On the Correlations between Performance of Deep Networks and Its Robustness to Common Image Perturbations in Medical Image Interpretation

Chak Fong Chong, Xinyi Fang, Xu Yang, Wuman Luo, Yapeng Wang

Published: 01 Jan 2023, Last Modified: 10 Feb 2025DICTA 2023EveryoneRevisionsBibTeXCC BY-SA 4.0

Abstract: The robustness of medical image interpretation deep learning models to common image perturbations is crucial, as the medical images in clinical applications may be from different institutions and contain various perturbations that did not appear in training data, decreasing the interpretation performance.
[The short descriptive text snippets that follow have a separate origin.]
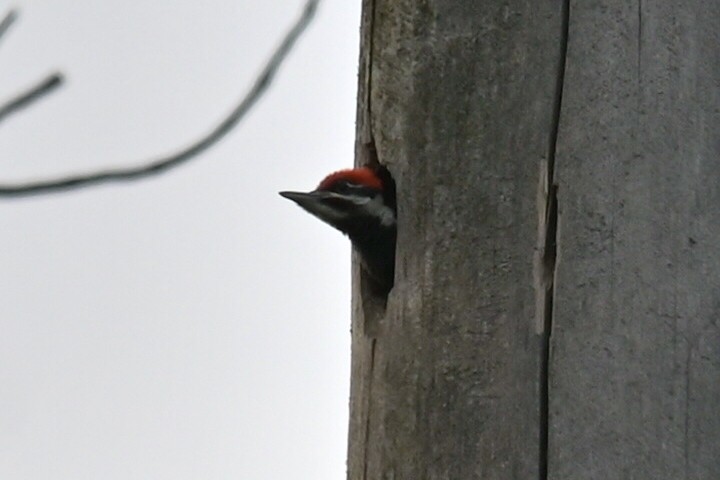 Pileated Woodpecker - Q B Schultze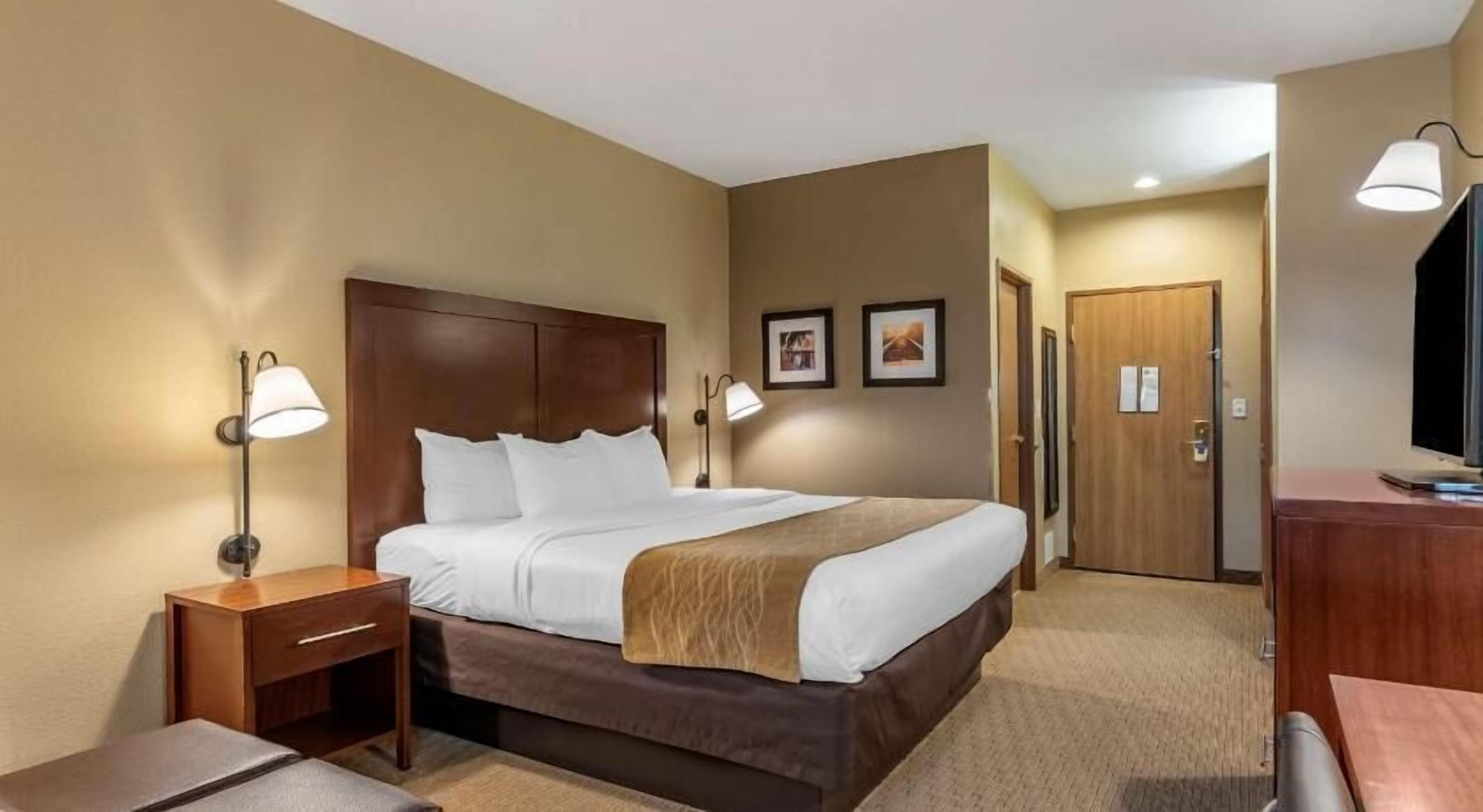 Premium bedding, iron/ironing board, free cribs/infant beds, free WiFi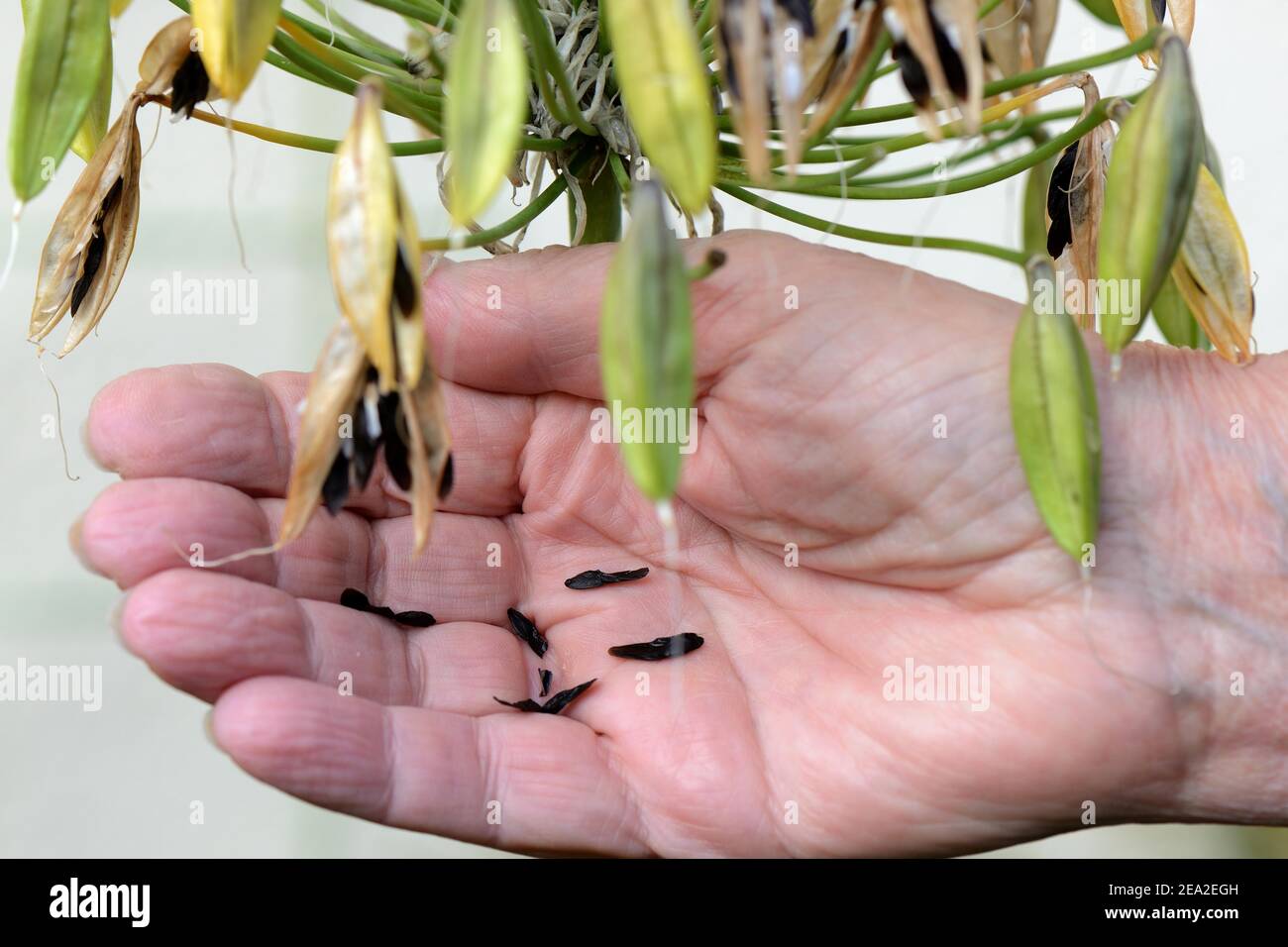 Giglio ornamentale (Agapanthus africanus), supporto per semi Foto Stock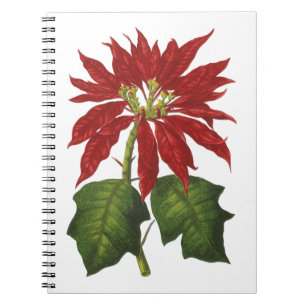 Cuaderno Navidad Vintage, Planta Invernal de Poinsettia Roj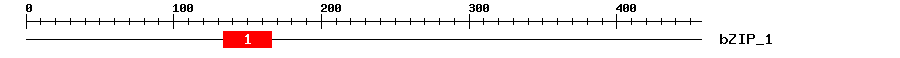 Signature Domain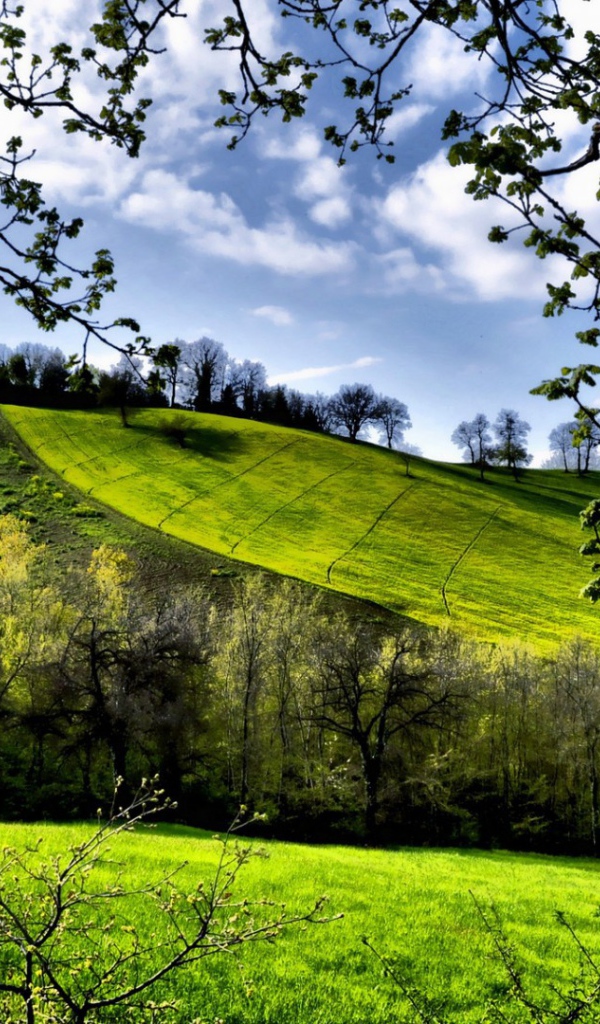 Зеленые весенние луга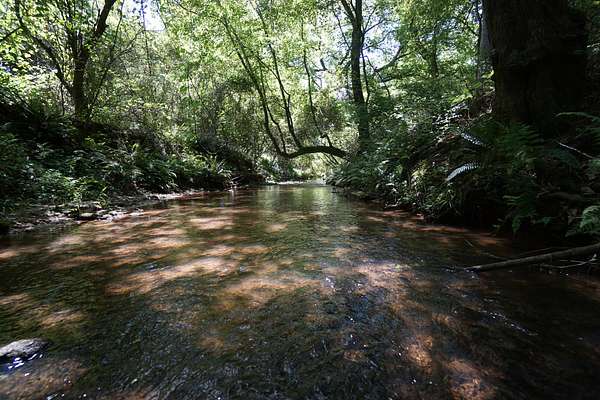 48.7 Acres of Agricultural Land for Sale in Stockbridge, Georgia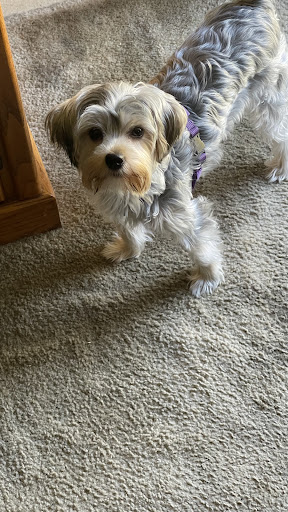 Pet Supply Store «PetSmart», reviews and photos, 40451 Lowes Ave, Gonzales, LA 70737, USA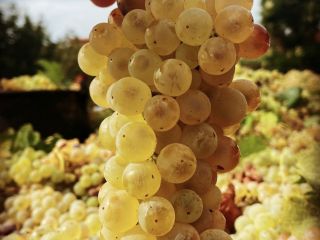 Certyfikowane organiczne winogrona do wina białego - IGP Lazio,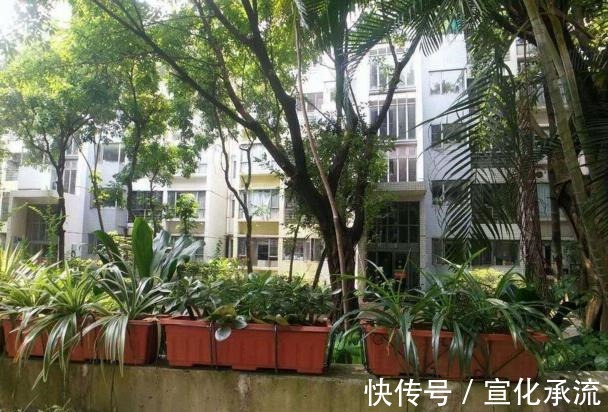 高楼层|买电梯房要注意了,这2个楼层切记不要买,我家住半年就知有多坑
In this paper, we investigate the correlations of the robustness of 28 ImageNet models under 6 image perturbation types over 10 severity levels on the CheXpert chest X-ray (CXR) classification dataset. The results demonstrate that: (1) If a model has a higher ImageNet accuracy, after fine-tuning it on CheXpert for CXR classification, it tends to be more robust on perturbed CXRs. (2) If a model has a higher CXR classification performance after fine-tuning on CheXpert, it is not necessarily more robust on perturbed CXRs, depending on the severity levels of the perturbations. Under stronger perturbations, lower CXR performance models tend to be more robust instead. (3) The model architectures may be a key factor to the robustness. For instance, no matter how large the models are, EfficientNet and EfficientNetV2 models tend to be more robust, while ResNet models tend to be more vulnerable. Our work can help select or design robust models for medical image interpretation to improve the capability for clinical applications.